I have no desire to be thin. **GASP** No shade to my thin sisters but it’s not a body type I’ve aspired to have as an adult. I don’t mind my belly, thick thighs, and round face. When I made the conscious decision to make a lifestyle change it was not done with temporary satisfaction in mind or rapid weight loss or even a desire to be small. It came from the desire not to die before I get to see my kids grow old. It came from a desire to alleviate the distress my mind and body had been enduring for the last couple of years.

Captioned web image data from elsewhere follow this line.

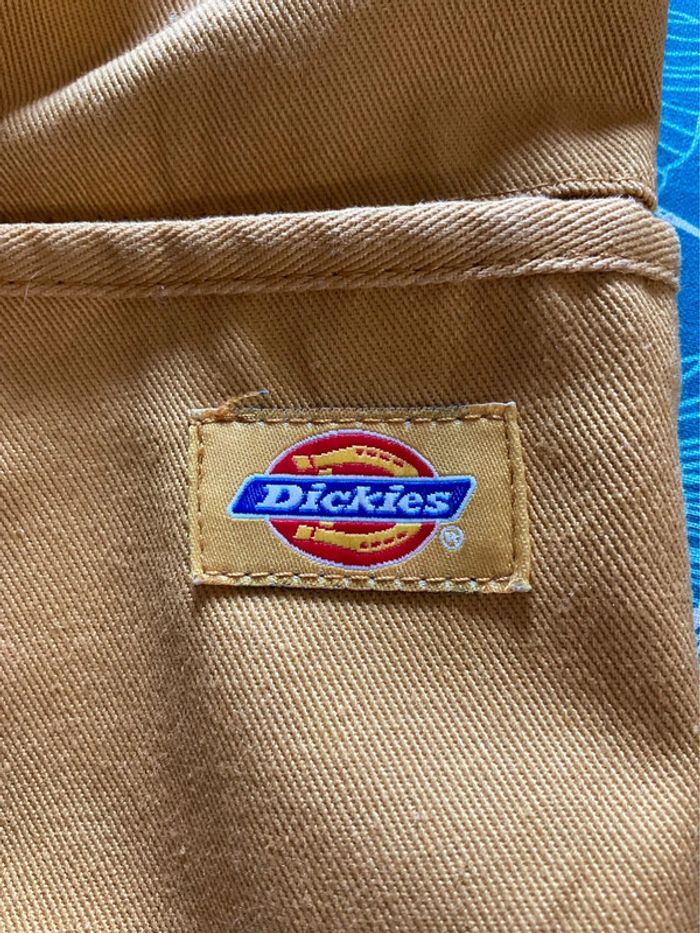 Short chino jaune moutarde pour homme Dickies taille W42 FR52 294 - photo numéro 4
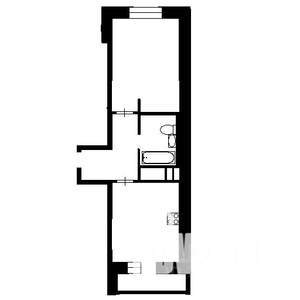 1-к квартира, на длительный срок, 38м2, 5/10 этаж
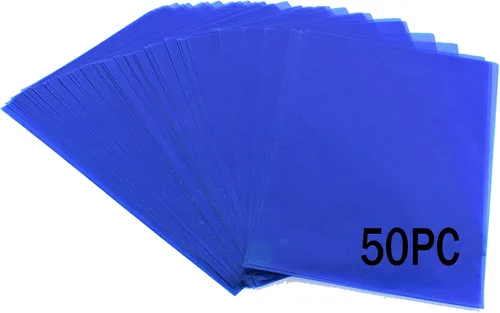 Vista 2 de YESON Bolsas de celofán transparentes para golosinas de celofán, bolsa de plástico para celofán, bolsa de plástico azul de 6 x 9 pulgadas, paquete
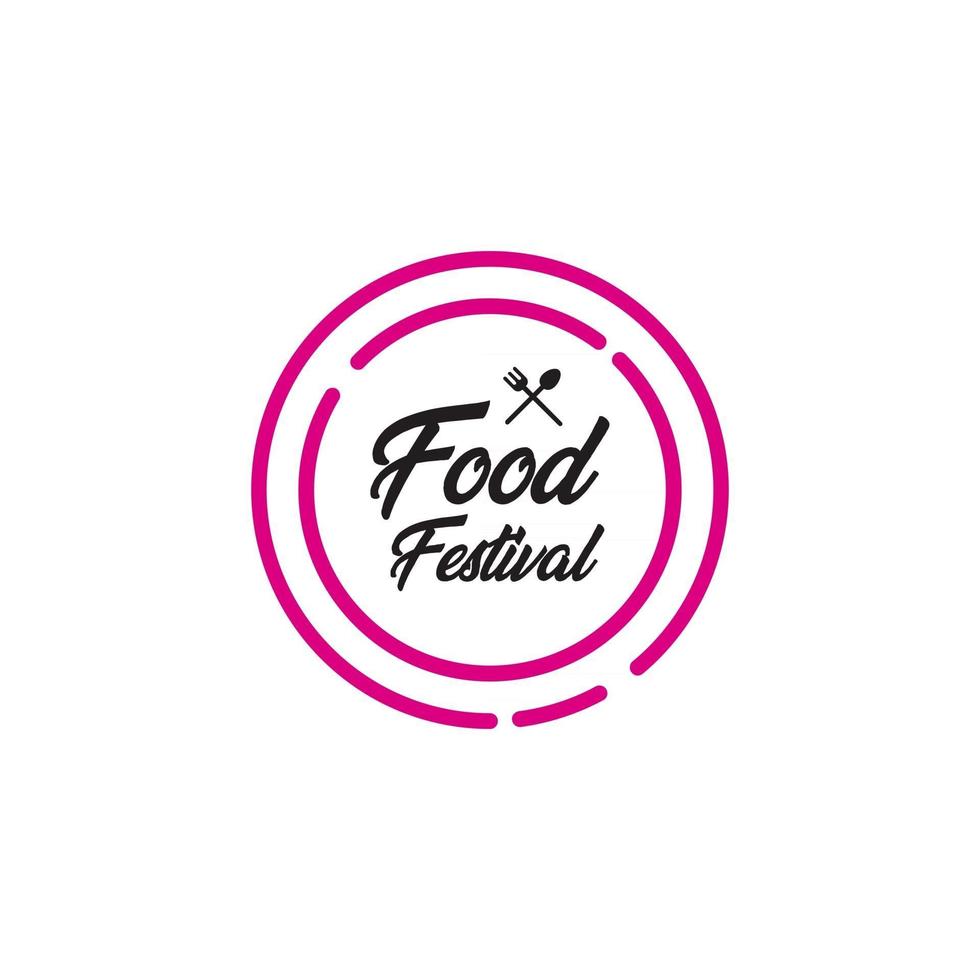 Food Festival Logo Vector Template Design Illustration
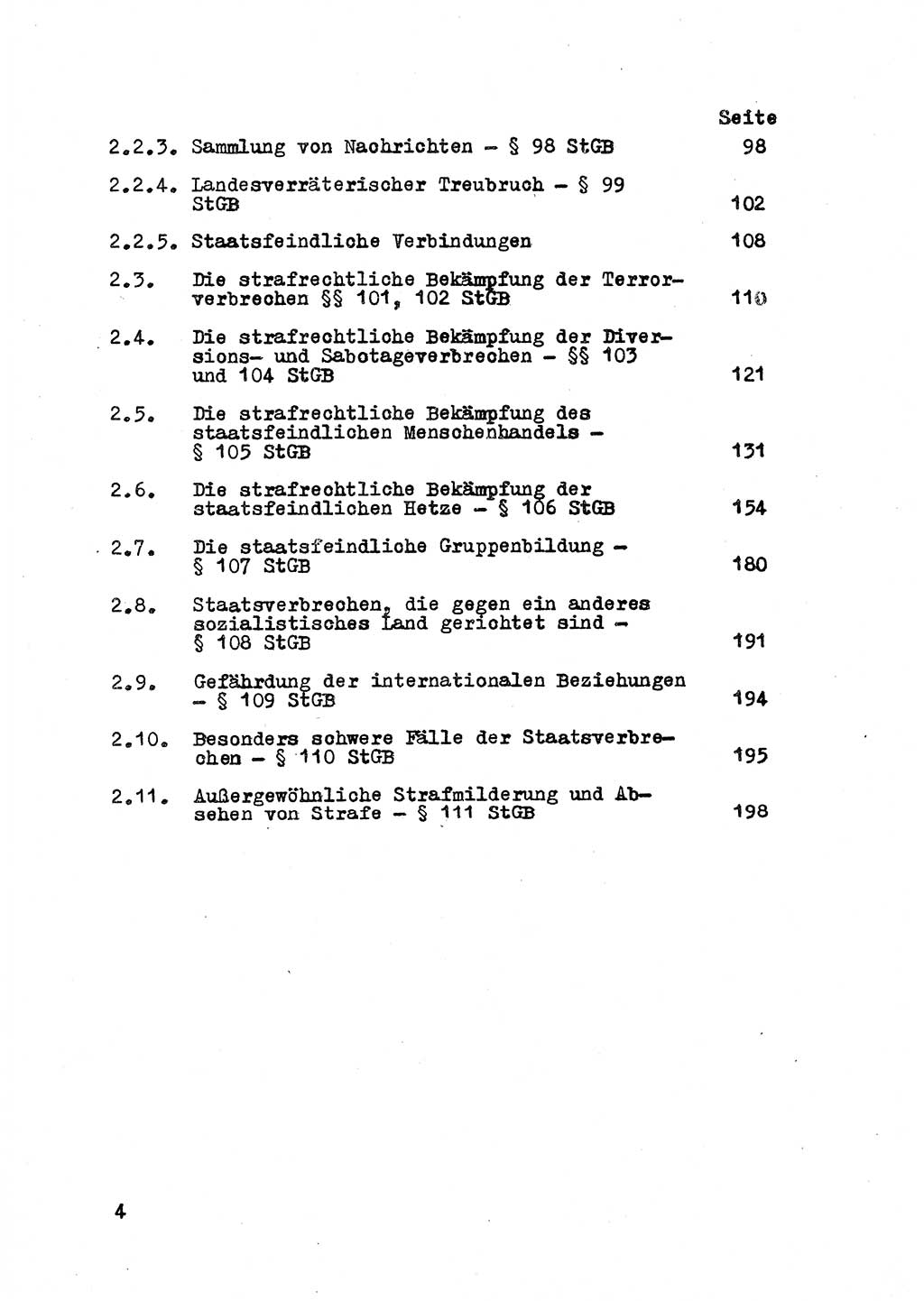 Strafrecht der DDR (Deutsche Demokratische Republik), Besonderer Teil, Lehrmaterial, Heft 2 1969, Seite 4 (Strafr. DDR BT Lehrmat. H. 2 1969, S. 4)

And make no mistakes about it; this wasn’t because I assume all fat people are unhealthy. This was based purely on my own experience. While fat wasn’t the root cause of my health issues; it did and still does contribute to exacerbating my health conditions. I don’t think there is a magic number on the scale that I’ll achieve to make things “all better”. However, I’ve learned to let my body do the talking and for me to listen.

I may not have had any control over my diagnoses. Having a congenital birth defect and developing thyroid disease were not my choice. However, it’s my choice to do whatever I can not to let those things debilitate my life anymore than it has been.

The bottom line is that I will not allow anyone to weaponize my desire for a healthier lifestyle against me. That goes for my smaller and larger counterparts.

The Wrap Up

Autonomy is key. I will forever say this. The decisions we make for our bodies should not be so influenced by the voices of those who seem to know it all. It’s important to educate yourself, do the research, fact check and consider what you know about your body and your health. Everyone is different, so how you care for your health as an individual is not up to the Diet Culture/Anti Diet Culture gods.